Home¶
Overview¶
iden is a simple Python library to manage a dataset of shards when training a machine learning
model.
iden uses a lazy loading approach to load the shard's data, so it is easy to manage shards without
loading their data.
iden supports different formats to store shards on disk.
Key Features¶
- Lazy Loading: Shards are loaded only when needed, enabling efficient memory management
- Multiple Formats: Support for JSON, YAML, Pickle, PyTorch, safetensors, and more
- Flexible Dataset Management: Organize data into splits (train/val/test) with associated assets
- URI-based Identification: Each shard has a unique URI for easy persistence and loading
- Caching Support: Optional in-memory caching for frequently accessed shards
- Extensible: Easy to add custom shard types and loaders
Quick Example¶
import tempfile
from pathlib import Path
from iden.dataset import create_vanilla_dataset
from iden.shard import create_json_shard, create_shard_dict, create_shard_tuple
# Create a simple dataset
with tempfile.TemporaryDirectory() as tmpdir:
# Create shards
train_tuple = create_shard_tuple(
[
create_json_shard(
[1, 2, 3], uri=Path(tmpdir).joinpath("train1.json").as_uri()
),
create_json_shard(
[4, 5, 6], uri=Path(tmpdir).joinpath("train2.json").as_uri()
),
],
uri=Path(tmpdir).joinpath("train_tuple").as_uri(),
)
val_tuple = create_shard_tuple(
[create_json_shard([7, 8, 9], uri=Path(tmpdir).joinpath("val1.json").as_uri())],
uri=Path(tmpdir).joinpath("val_tuple").as_uri(),
)
# Organize shards into splits
shards = create_shard_dict(
shards={"train": train_tuple, "val": val_tuple},
uri=Path(tmpdir).joinpath("shards").as_uri(),
)
assets = create_shard_dict(shards={}, uri=Path(tmpdir).joinpath("assets").as_uri())
# Create dataset
dataset = create_vanilla_dataset(
shards=shards,
assets=assets,
uri=Path(tmpdir).joinpath("my_dataset").as_uri(),
)
# Access data
train_shards = dataset.get_shards("train")

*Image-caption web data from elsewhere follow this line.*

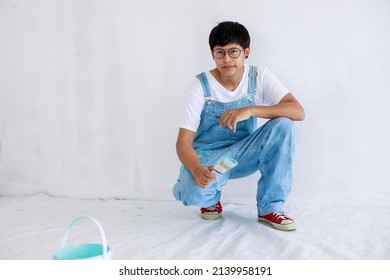 Portrait Young Asian Man In White Shirt With Bear Suit Sit And Painted Plot On Hand And Look At Camera In White Wall, Renovation Concept,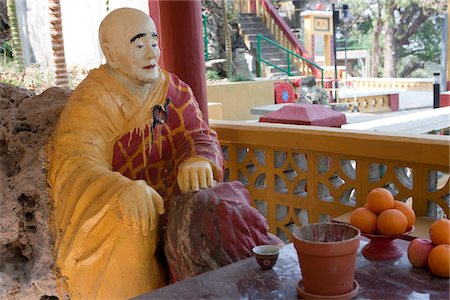 simsearch:855-06022225,k - A Buddhist monk statue at Tsing Shan temple, New Territories, Hong Kong Stock Photo - Rights-Managed, Code: 855-05984544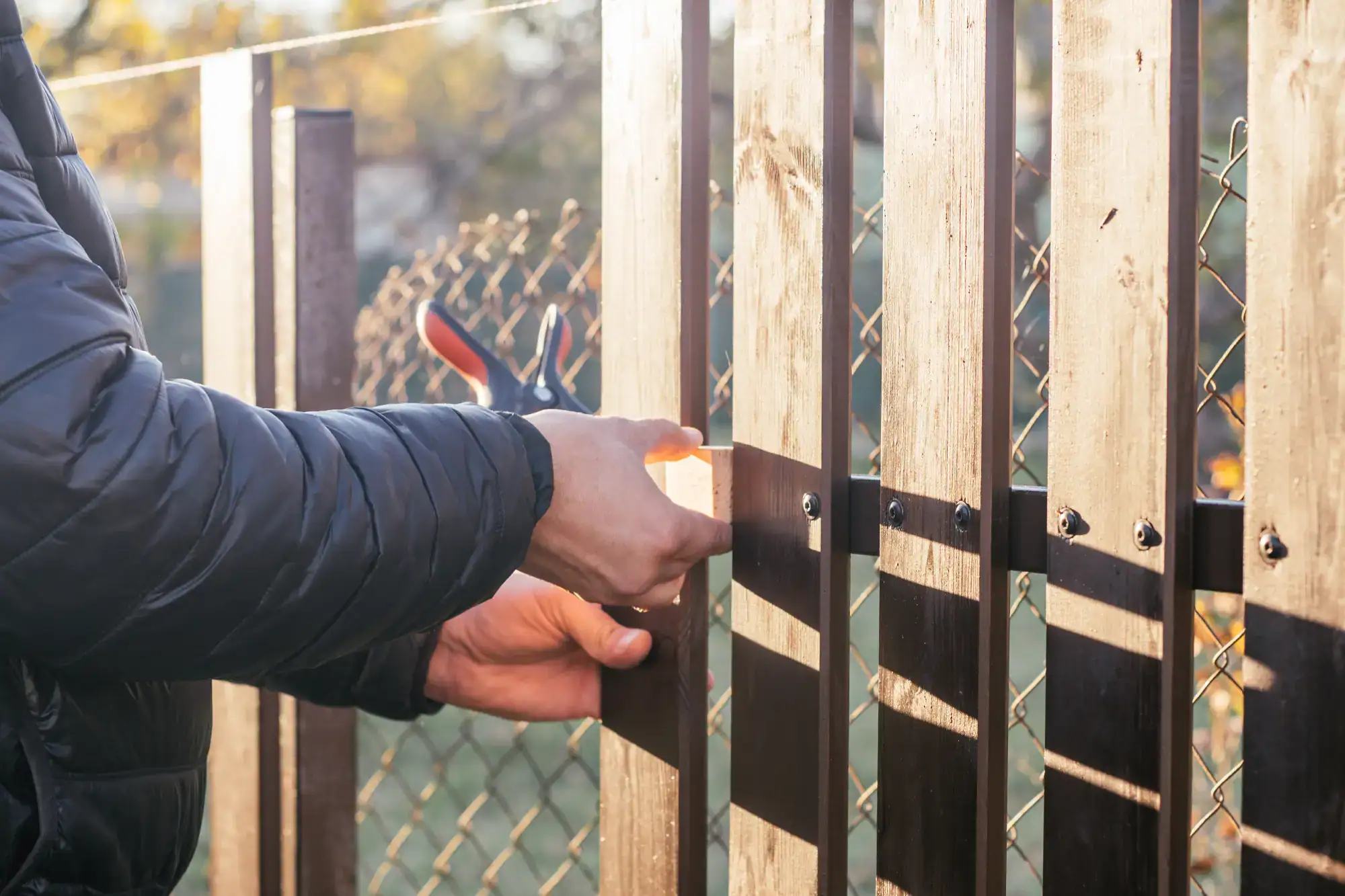 A handyman in Davidson & Williamson County, TN, wearing a dark jacket, uses a screwdriver to secure wooden planks to a fence outdoors, with sunlight and a wire fence visible in the background.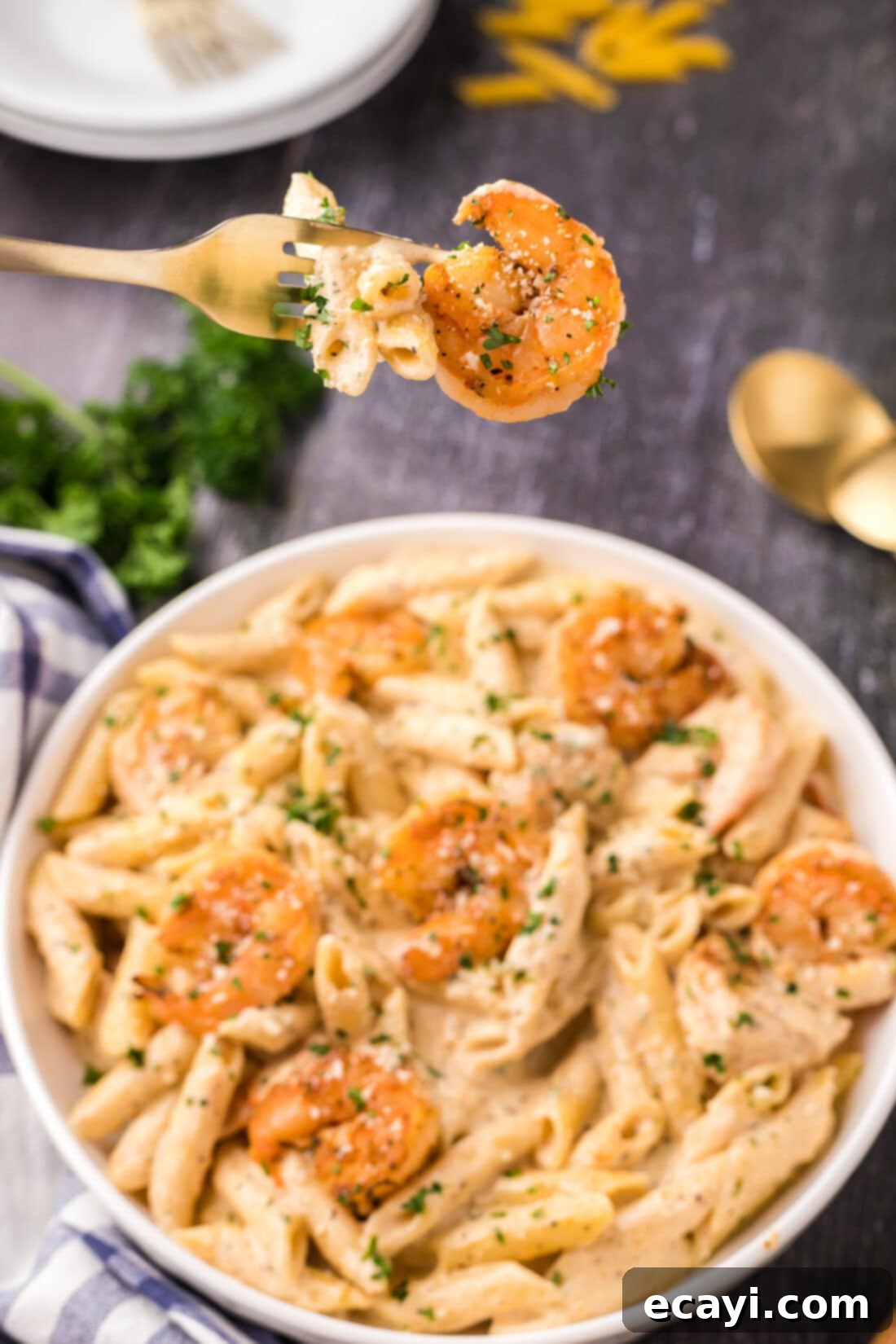 Creamy Cajun Shrimp Pasta 3 A close-up shot of creamy Cajun shrimp pasta being twirled on a fork, held above a rustic bowl, highlighting the rich sauce and plump shrimp.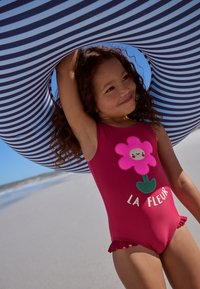 Rode badpak met een roze bloemmotief en ruches, gedragen door een gestreepte opblaasbare ring, tegen een strandachtergrond.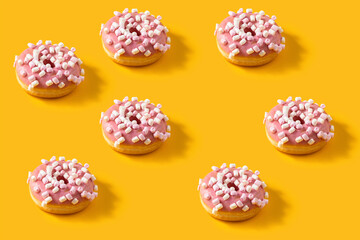 Many pink donuts with marshmallow topping on yellow background. pattern image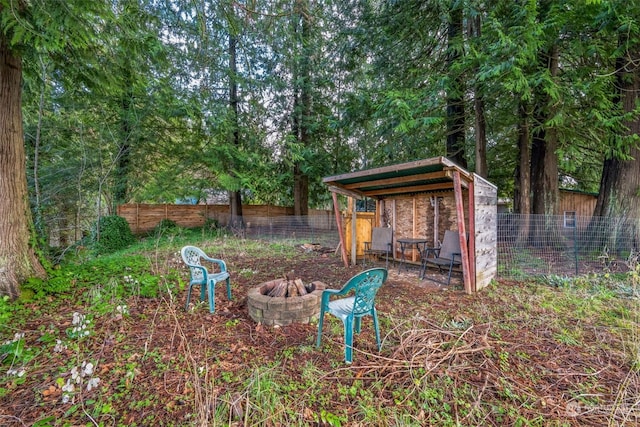 view of yard with an outdoor fire pit and an outdoor structure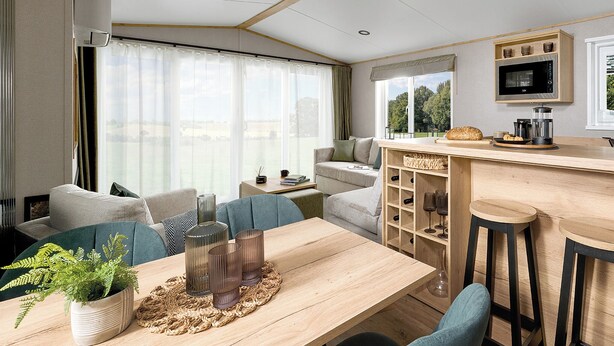 A modern RV interior with a dining area, kitchen, and seating space. - Premium Holiday Home 3 bed HT Pet (Great Yarmouth)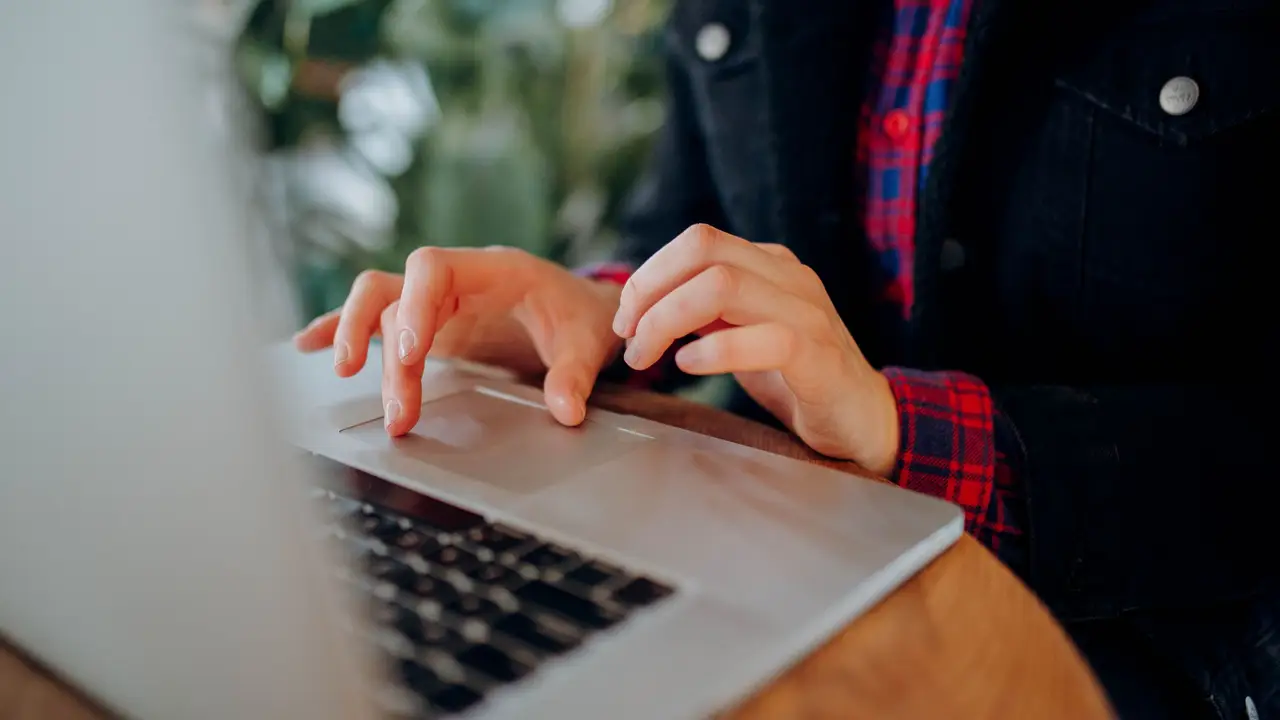 Hands typing on a laptop keyboard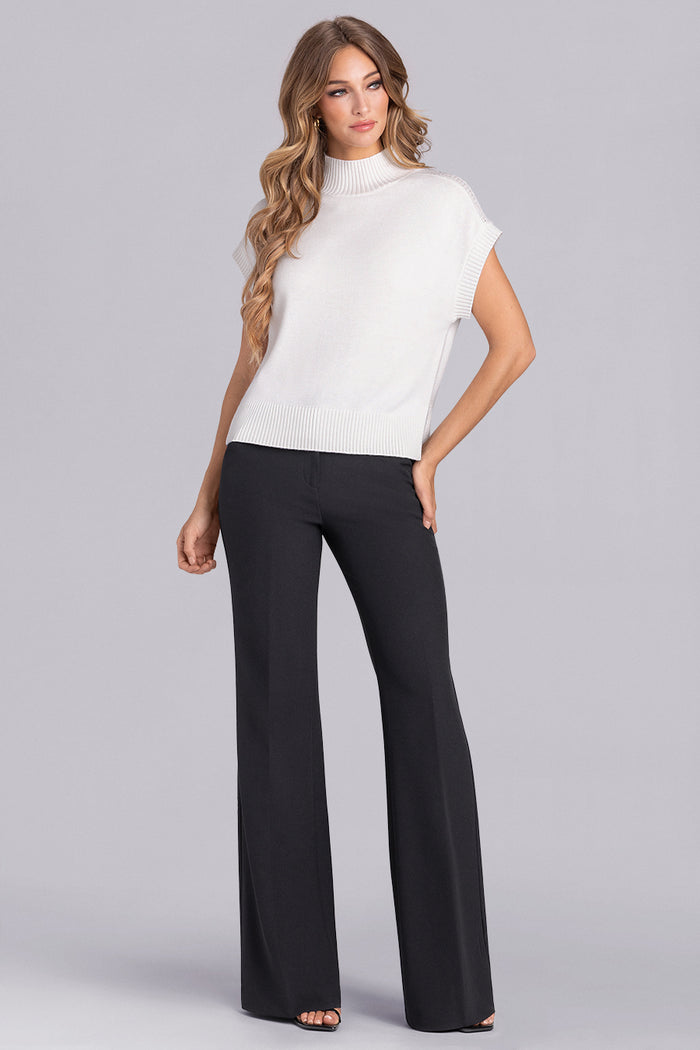 Model wearing the Charisma Off White short sleeve knit shirt, styled with black pants.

print(train_shards[0].get_data()) # Output: [1, 2, 3]
API stability¶
While
iden is in development stage, no API is guaranteed to be stable from one
release to the next. In fact, it is very likely that the API will change multiple times before a
stable 1.0.0 release. In practice, this means that upgrading iden to a new version will
possibly break any code that was using the old version of iden.
License¶
iden is licensed under BSD 3-Clause "New" or "Revised" license available
in LICENSE file.